Paula; de acá a la China


Paula Agustina Torres está postrada en una cama. Apenas se mueve, su mirada –profunda y descarnadamente viva- se posa en algún lugar que no existe. Tiene 15 años, el cuerpo de una niña y el agobio de un anciano. La joven padece lipofuscinosis neuronal ceroidea. Su mal no sólo es de nombre difícil: el desorden genético que provoca en quien lo padece avanza inexorablemente hasta terminar en la muerte.
La joven vive en un hogar de clase media de José C. Paz con su familia (mamá docente, papá colectivero y una hermana de 19 años). Todos sufren la enfermedad de Paula. Ella en el cuerpo. La familia, en el alma. Para todos, la muerte es un comensal más que se sienta en su mesa, aunque ellos se obstinan empecinadamente en no convidarles su comida.
Paula comenzó perdiendo la sonrisa y continuó perdiendo la visión, el movimiento, el habla. Los médicos que diagnosticaron su mal dijeron que la ciencia nada podía hacer. Según los médicos, la suerte de Paula estaba echada.
La familia jamás aceptó esa respuesta como definitiva. Sostuvieron, y sostienen, a la joven con una entereza envidiable y un ánimo blindado al desánimo y la resignación. Incluso Paula, desde su aparente ausencia, se recupera de cada recaída y se aferra a la vida con tozudez y rebeldía. Paula no quiere morir.

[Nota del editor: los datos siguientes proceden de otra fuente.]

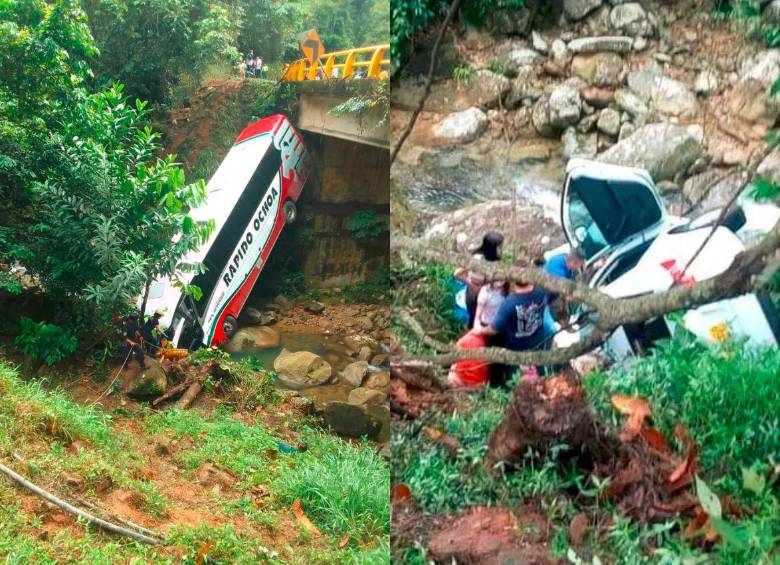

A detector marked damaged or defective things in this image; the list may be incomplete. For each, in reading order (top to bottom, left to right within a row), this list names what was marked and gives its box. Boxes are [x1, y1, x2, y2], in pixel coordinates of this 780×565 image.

overturned white car [548, 156, 780, 360]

Un tratamiento con células madres en el hospital Wu Stem Cells Medical Center de China ya revirtió la agonía de otros pacientes con el mismo mal. La familia Torres sentiría que toca el cielo con las manos si lograran eso en la pequeña. Pero hizo un cálculo simple: juntando los dos sueldos (el de docente y el de colectivero), les llevaría más tiempo reunir el dinero necesario (40 mil dólares) que el que tiene Paula para soportar su mal.
Entonces escribieron un mail. Un simple mail. Su carta llegó a 24CON y a otras redacciones. Pedían, solamente, que los escuchen. La familia entendió que si no salían de los límites de su ciudad, de su barrio, de su hospital, estaban perdidos. Un periodista del diario digital del Conurbano fue hasta José C. Paz, corroboró la autenticidad de ese mail y escribió la historia.

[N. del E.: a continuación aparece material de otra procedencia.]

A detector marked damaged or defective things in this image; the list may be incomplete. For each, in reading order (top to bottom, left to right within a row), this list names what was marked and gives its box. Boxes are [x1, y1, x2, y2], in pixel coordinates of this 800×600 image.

La nota de Paula tuvo el mismo impacto que el que produce una piedra cuando cae al agua. Produjo un golpe, una expansión que agitó la superficie. Sacudió la calma del río. Alteró su esencia.
La familia Torres comenzó, entonces, a recibir llamados.  La historia comenzó a crecer.
Saltó del diario del Conurbano a una comunidad sin fronteras: un usuario de Taringa! se apropió generosamente de la historia y la subió a la red de entretenimientos que más ha crecido después de Facebook. Un profesor de La Plata leyó la nota y armó un video que subió a You Tube para que la historia tuviera, también, su conmovedor relato multimedia.
Desde España llegaron mensajes alentando a la familia. Un vecino de Río Gallegos juró que descargaría un cupón y sumaría su donación. No se pide mucho: un dólar. Un peso. Un euro. Un cordobés se solidarizó con la familia y contó que en su casa, convivían con la misma enfermedad.
Voces. Abrazos virtuales que contuvieron a la familia, con una calidez que se percibió aún en los fríos espacios de una computadora. Otros, desconfiados, pidieron que sacudan el escepticismo de los que temes ser estafados. Porque Internet, hay que saberlo, es así: tiende manos y corta lazos. Revela y miente. Hay de todo.
Es el mundo entero que comenzó a girar en otra dimensión, cuyos habitantes –aún temerosos y desconfiados- están aprendiendo a convivir en una nueva comunidad. La historia de la familia Torres, de Paula, perforó la desconfianza y armó, en una positiva suma de casualidades, una cadena de favores tan infinita como la misma red.
Se abren cuentas bancarias para depositar la ayuda. Se escriben inagotables mensajes de esperanza y amor, de conocidos y desconocidos. Se comparten pesares similares, de otras partes del mundo. Incluso la agitación virtual provocó reacciones reales: dos intendentes se acercaron a la familia, prometieron ayudar, incluyeron el tema en su agenda.
Paula aún está en su cama, postrada. La familia sigue contando los días en cuenta regresiva. Pero ya China no está a 18.000 kilómetros de distancia de José C. Paz.
Está, increíblemente, mucho más cerca. Acá nomás, a la vuelta de la esquina.